On August 22, the Investor Engagement Advisor in the Office of the Investor Advocate, Stephen Deane, gave a speech to the Tulsa chapter of the Institute of Management Accountants in which, among other things, he addressed two proposals by the Financial Accounting Standards Board (FASB) to revise the definition of materiality under generally accepted accounting standards.

In 2015, FASB proposed two updates that would remove its definition of materiality established in Concepts Statement No. 8 in favor of relying on the US federal courts’ definition of materiality, under which “information is material if there is a substantial likelihood that the omitted or misstated item would have been viewed by a reasonable resource provider as having significantly altered the total mix of information.” In doing so, FASB emphasized that materiality is a “legal concept” and that removal of its definition would align FASB’s understanding of materiality with the legal concept of materiality.

Mr. Deane noted, however, that investors and investor groups raised several concerns with regards to the FASB’s proposals, including that the proposals would reduce the flow of information to investors and shift decision-making on materiality from accountants to lawyers.
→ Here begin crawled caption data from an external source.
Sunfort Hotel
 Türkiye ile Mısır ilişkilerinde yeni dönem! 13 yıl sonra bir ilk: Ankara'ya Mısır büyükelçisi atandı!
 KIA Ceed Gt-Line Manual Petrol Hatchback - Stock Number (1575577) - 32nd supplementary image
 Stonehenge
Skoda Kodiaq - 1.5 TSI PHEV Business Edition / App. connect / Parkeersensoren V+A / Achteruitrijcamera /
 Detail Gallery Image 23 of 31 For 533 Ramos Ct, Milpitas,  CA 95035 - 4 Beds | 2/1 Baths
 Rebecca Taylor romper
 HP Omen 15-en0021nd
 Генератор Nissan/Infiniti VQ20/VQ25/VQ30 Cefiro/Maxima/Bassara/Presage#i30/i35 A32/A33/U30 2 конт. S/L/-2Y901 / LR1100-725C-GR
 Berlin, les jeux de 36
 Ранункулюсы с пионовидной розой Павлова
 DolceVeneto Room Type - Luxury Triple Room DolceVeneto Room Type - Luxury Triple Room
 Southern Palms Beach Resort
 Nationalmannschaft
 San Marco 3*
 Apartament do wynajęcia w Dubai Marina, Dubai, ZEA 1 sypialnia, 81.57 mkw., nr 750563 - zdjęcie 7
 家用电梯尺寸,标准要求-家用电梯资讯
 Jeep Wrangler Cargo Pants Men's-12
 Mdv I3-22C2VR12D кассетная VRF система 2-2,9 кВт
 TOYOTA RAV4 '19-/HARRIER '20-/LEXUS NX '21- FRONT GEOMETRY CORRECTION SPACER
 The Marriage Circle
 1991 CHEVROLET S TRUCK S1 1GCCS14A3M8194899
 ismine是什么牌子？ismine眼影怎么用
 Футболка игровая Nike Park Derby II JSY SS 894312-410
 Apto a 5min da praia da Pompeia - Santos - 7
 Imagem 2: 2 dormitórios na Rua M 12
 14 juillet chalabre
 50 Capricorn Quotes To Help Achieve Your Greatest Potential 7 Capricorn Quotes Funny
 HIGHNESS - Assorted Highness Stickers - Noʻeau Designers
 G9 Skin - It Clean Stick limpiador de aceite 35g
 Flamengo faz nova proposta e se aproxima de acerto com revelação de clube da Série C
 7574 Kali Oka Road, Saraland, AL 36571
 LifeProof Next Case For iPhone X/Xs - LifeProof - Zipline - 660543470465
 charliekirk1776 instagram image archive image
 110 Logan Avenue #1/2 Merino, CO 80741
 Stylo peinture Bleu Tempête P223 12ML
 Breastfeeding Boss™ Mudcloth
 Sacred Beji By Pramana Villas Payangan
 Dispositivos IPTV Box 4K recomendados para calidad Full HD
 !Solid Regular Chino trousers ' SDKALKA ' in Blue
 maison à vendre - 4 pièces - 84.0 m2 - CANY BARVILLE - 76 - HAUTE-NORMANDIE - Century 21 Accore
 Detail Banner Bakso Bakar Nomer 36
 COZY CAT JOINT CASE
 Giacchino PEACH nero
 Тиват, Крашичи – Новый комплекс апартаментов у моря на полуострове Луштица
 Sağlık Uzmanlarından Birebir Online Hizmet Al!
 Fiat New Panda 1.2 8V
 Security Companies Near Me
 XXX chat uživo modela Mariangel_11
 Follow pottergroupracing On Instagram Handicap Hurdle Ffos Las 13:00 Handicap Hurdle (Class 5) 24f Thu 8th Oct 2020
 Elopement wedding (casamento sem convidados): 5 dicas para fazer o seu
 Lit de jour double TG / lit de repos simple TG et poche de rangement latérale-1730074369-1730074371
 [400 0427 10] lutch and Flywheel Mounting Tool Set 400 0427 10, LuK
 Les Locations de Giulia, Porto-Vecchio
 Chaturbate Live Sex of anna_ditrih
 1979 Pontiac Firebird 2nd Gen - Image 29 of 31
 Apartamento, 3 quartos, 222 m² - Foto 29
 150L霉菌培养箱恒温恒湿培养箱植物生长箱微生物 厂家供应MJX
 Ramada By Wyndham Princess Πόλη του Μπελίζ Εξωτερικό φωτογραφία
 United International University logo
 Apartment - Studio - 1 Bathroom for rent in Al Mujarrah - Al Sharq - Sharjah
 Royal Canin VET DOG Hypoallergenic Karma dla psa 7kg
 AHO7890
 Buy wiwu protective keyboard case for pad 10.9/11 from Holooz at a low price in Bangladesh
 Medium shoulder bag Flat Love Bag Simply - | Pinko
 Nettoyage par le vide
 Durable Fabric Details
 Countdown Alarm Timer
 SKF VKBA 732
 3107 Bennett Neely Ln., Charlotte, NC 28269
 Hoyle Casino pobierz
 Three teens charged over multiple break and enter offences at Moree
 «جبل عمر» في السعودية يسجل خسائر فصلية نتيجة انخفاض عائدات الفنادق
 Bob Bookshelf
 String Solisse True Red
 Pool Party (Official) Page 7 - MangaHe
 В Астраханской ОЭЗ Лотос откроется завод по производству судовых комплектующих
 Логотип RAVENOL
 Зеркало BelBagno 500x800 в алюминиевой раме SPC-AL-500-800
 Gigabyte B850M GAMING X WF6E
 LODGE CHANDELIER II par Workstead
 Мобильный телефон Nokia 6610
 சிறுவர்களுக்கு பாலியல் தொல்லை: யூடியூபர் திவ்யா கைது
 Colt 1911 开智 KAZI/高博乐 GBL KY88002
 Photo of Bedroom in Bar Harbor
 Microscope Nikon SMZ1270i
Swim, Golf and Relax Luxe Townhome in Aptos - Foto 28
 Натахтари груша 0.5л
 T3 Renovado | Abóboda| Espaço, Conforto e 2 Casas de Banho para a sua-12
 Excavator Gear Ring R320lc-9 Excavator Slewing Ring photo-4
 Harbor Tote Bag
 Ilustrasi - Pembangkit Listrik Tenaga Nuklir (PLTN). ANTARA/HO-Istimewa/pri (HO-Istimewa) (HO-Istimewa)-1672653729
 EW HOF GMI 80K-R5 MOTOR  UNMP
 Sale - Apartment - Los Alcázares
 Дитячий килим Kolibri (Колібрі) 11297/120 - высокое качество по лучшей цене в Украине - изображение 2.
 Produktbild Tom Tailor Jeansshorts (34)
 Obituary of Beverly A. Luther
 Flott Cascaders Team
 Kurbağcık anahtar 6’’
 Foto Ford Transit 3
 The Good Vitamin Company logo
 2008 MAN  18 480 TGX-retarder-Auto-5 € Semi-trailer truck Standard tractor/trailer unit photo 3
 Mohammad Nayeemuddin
He further acknowledged the lack of an existing framework for the evaluation of whether a disclosure is “material,” including who should make that determination for the purposes of the accounting standards, and as a result, the “inconsistent application of the materiality standard.”

In response to the FASB proposals, Mr. Deane noted the Office of the Investor Advocate’s proposal to adopt a hybrid approach rooted in both a prior FASB definition of materiality that more closely aligns with the definition adopted by the US Supreme Court (in Concepts Statement No. 2), as well as the Securities and Exchange Commission Staff Accounting Bulletin 99, which provides a “helpful framework for evaluating materiality decisions” and takes into account “quantitative factors and qualitative factors”

The full text of Mr. Deane’s speech is available here.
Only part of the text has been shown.